I identify heartbreak as another life lesson learned. I can understand why some people identify it as a mistake. Some individuals I have spoken to lately, identified their heartbreaks as mistake after mistake: It was a mistake to be with her and what a mistake I made by giving him another chance. A mistake, to me, is affiliated with regret, and I do not regret any of the relationships I have been in. Whether those relationships are intimate or friendships, I do not regret anyone who has walked into my life, and walked out of my life.
Coping with a heartbreak is hard, to say the least. It is uncomfortable, raw, and incredibly difficult to overcome without breaking down and overthinking, what did I do wrong?! I have learned so much about myself through the relationship and post-relationship, that I could never regret it. Regretting it would mean that I do not like the person I am today, and I am proud of the person I have become. My mentor always explained to me that life experience and wisdom is gained by mistakes that are made. But, that does not mean that I will not avoid making mistakes, if I can help it. I handle some mistakes differently than others -- I look for patterns.
In the words of Lil Wayne, I've been through hell and back, I can show you vouchers.

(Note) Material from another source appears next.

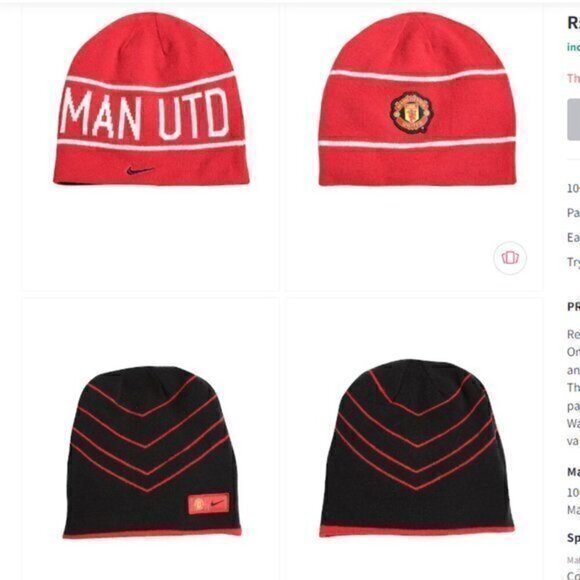Nike Unisex Red & Black Reversible MAN UTD Beanie - Picture 1 of 5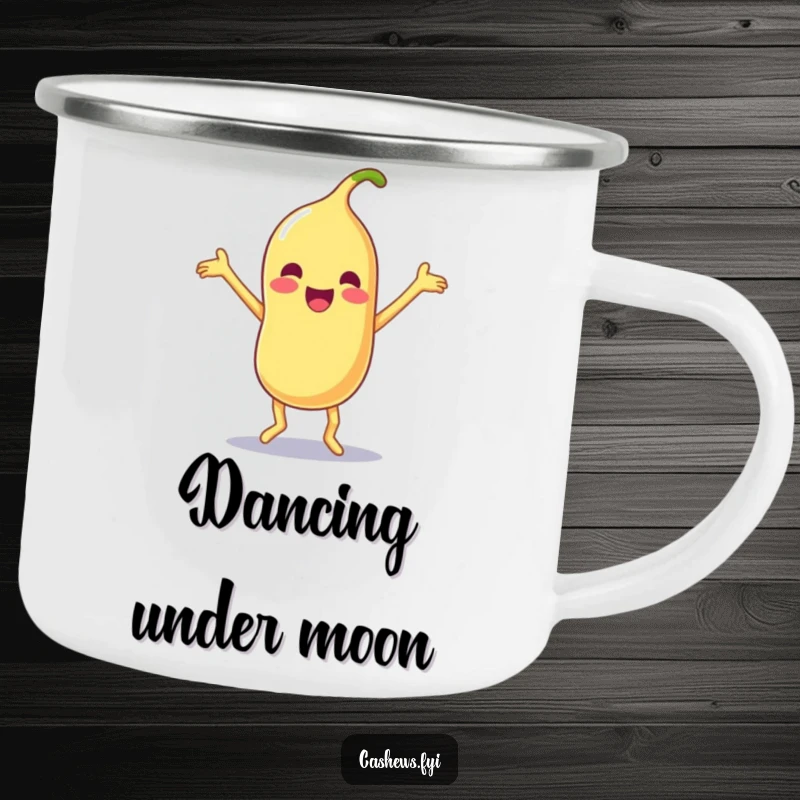 Funny and durable camping mug featuring a Kawaii cashew doing a silly dance with limbs flailing joyfully, perfect for outdoor fun.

The scars I have earned, are scars from loving too much, and caring too much. Unfortunately, I love hard and deep -- it is hard for me to let people in, but once I do you are in for life. In for life, unless, you lie to me. You cheat on me. Or, you disrespect me in any way, shape, or form. Even then, my love for you transforms -- I cannot just stop loving someone. I cannot push them completely out of my life unless they have done something really detrimental to me. Here's the kicker: I am very outspoken, very honest and blunt about almost everything. I am not a sensitive person who takes everything to heart -- I do not get offended very easily. If I have an issue with something, you will hear about it. Another flaw of mine, besides loving so deeply, and being brutally honest, is I give people chances, a lot of chances. I know what its like to make mistakes and have set backs, hey, we are human after all, but when you repeat the same mistakes, especially after (as a couple) we have addressed them, it is perceived to be a deliberate attack.
For example: with one ex, he body shamed a female in front of me. Having been an overweight girl at one point in my life, and still identifying as fat girl today, I took it personally. I body shamed myself, never mind other children doing it to me. I approached the situation as calmly as possible. I addressed it as mature adults do, and made sure he understood that it really hurt my feelings. Feelings are bound to be hurt in relationships, we are human, but if he continued to do so I would take that as a direct attack. Are you doing this sh*t on purpose?!! Do you not respect my feelings?!! Are you purposefully hurting my feelings?!!
With all that I have been through, life is too short, as they say. I would not want anyone I care about ever feeling unloved or unwanted in any way, shape or form. I recognized the type of men I was dating, and I saw myself falling into this pattern. I have also recognized that it was me always having to walk away from the relationship -- whether I felt suffocated, not loved or wanted, or even pretty enough. I have to admit, I was searching for my worth in these men. And, then, it hit me. And then, I understood what people meant when they said if you find yourself constantly trying to prove your worth to someone, you have already forgotten your value.
Heartbreak after heartbreak, it was after the most recent that I realized I did not know my worth. Post-relationship, my self worth was solidified. I am a chief, I deserve the best, I will no longer settle for less, nor will I ever second guess myself. No more well, at least he did not raise his voice at me or, At least he did not abuse me. I allowed people to step all over me, to control me and I believed the nasty things they would say to me. But, now things have changed. I recognized my worth because of those scenarios and no one can take that away from me. Actions speak louder than words, in fact, actions say a lot more to me than words can ever say. I recognized that I am so much more observant now than I was before, and I can recognize red flags before and squash the pursuit instantly. The best part is that I am not bitter about any of the relationships I have been in. I actually thank my exes for making me faster, better, and stronger.